Problem details:
Which lines of the listing hold the string "Ideal"? Copy those lines.

Provided records:
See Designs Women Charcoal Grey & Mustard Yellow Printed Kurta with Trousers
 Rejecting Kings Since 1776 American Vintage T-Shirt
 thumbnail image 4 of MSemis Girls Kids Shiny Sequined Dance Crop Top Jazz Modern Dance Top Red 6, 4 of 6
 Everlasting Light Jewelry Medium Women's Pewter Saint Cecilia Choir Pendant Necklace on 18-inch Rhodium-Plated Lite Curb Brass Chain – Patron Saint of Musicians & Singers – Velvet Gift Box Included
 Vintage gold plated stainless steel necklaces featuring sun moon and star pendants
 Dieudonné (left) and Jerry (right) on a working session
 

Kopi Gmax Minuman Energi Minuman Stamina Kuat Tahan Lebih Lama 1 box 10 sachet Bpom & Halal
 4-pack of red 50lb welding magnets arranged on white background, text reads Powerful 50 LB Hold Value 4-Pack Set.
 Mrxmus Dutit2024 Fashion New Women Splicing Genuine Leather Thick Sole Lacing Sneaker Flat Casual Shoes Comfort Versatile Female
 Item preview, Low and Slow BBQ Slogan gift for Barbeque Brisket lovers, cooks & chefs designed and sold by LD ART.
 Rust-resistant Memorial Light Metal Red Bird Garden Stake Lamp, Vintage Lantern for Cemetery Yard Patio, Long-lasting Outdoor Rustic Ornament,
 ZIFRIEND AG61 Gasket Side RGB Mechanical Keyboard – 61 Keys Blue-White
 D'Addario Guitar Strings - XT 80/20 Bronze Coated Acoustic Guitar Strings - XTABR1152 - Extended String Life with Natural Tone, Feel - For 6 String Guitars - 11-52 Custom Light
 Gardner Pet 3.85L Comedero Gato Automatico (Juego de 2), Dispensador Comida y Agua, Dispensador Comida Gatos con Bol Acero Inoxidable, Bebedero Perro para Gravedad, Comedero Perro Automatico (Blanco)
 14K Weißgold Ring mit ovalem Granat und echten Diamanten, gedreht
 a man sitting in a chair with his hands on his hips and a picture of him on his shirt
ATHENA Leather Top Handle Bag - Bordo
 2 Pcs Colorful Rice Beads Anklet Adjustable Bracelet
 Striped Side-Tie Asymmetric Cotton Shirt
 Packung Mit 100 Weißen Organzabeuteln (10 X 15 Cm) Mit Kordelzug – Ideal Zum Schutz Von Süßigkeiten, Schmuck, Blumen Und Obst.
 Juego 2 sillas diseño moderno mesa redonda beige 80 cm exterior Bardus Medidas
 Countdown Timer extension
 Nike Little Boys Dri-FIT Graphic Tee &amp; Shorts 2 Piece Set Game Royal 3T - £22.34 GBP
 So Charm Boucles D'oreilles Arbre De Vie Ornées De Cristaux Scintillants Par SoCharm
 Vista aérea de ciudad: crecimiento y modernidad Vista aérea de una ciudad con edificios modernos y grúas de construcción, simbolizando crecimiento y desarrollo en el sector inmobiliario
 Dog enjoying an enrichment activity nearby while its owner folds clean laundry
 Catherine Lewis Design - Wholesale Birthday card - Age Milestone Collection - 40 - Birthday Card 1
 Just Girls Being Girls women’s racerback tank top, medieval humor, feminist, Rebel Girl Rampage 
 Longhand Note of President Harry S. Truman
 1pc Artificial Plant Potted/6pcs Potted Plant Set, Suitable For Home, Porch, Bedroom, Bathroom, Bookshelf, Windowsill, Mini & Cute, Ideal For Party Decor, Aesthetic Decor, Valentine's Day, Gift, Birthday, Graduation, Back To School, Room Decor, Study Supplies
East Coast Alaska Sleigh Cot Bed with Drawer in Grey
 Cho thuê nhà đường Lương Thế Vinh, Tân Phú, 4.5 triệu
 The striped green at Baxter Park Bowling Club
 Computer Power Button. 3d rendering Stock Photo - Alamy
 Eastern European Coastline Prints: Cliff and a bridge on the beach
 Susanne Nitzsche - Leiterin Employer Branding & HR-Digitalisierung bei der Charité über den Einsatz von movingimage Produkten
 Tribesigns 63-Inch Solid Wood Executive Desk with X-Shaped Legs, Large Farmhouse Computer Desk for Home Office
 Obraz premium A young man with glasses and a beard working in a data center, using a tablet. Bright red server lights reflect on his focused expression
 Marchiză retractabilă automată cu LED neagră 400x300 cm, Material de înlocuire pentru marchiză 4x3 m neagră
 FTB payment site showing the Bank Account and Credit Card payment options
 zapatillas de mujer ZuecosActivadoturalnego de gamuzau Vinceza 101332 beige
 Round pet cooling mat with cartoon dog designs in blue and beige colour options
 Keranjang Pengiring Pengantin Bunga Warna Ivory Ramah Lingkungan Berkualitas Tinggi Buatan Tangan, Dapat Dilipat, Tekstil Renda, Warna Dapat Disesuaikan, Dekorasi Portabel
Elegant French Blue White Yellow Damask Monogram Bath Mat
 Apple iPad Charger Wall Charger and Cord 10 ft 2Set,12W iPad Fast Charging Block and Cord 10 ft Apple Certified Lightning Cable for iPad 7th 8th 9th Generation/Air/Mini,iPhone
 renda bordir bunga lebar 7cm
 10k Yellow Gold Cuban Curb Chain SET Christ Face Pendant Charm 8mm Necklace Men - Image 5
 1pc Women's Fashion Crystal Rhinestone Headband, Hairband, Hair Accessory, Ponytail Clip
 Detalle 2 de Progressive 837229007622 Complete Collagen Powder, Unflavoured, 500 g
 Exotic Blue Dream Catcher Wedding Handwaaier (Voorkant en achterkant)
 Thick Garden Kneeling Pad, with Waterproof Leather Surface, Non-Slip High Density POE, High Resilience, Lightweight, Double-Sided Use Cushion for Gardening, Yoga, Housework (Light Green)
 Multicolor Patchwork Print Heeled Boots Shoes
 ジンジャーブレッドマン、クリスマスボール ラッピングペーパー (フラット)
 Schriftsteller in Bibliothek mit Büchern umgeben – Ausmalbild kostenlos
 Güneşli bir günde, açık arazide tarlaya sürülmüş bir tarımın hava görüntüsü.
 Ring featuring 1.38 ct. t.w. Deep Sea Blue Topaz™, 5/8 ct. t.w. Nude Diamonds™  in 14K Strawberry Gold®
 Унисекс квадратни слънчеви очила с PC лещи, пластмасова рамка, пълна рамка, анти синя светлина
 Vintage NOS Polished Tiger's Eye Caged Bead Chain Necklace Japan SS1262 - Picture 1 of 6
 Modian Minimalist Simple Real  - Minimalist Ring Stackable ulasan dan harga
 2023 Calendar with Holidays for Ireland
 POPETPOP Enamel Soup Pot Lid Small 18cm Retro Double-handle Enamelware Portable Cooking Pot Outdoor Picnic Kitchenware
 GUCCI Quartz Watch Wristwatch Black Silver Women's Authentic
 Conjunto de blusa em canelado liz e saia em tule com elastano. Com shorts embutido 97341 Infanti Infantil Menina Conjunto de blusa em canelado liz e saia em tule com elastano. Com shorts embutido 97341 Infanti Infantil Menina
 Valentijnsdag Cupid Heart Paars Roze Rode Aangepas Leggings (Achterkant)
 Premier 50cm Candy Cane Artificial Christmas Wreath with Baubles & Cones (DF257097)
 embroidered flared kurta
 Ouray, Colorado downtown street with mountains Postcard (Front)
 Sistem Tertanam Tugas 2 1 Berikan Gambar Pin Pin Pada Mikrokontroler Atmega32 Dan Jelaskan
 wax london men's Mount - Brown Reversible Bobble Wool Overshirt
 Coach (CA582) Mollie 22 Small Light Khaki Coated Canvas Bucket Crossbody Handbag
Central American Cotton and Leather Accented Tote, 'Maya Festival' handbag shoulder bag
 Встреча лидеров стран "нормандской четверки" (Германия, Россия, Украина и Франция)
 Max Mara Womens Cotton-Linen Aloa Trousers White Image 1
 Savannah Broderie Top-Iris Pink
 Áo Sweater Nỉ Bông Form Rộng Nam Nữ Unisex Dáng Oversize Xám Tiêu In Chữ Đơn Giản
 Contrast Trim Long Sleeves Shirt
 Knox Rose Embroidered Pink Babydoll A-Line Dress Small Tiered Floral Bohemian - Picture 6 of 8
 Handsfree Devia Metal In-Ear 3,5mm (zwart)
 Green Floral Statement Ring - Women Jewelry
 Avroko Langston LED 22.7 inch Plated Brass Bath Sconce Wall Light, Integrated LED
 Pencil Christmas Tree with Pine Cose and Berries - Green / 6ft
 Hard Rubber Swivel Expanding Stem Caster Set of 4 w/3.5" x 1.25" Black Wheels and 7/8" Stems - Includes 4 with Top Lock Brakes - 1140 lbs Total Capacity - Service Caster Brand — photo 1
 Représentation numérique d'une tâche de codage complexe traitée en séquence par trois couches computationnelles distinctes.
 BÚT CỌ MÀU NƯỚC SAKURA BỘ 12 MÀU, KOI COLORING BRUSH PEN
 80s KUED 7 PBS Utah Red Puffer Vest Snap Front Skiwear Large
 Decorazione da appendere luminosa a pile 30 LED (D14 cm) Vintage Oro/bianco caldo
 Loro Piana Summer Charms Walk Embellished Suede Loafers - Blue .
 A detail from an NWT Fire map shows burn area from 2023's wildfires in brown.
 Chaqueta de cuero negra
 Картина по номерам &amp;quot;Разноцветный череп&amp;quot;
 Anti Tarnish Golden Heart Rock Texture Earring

Worked solution:
 Packung Mit 100 Weißen Organzabeuteln (10 X 15 Cm) Mit Kordelzug – Ideal Zum Schutz Von Süßigkeiten, Schmuck, Blumen Und Obst.
 1pc Artificial Plant Potted/6pcs Potted Plant Set, Suitable For Home, Porch, Bedroom, Bathroom, Bookshelf, Windowsill, Mini & Cute, Ideal For Party Decor, Aesthetic Decor, Valentine's Day, Gift, Birthday, Graduation, Back To School, Room Decor, Study Supplies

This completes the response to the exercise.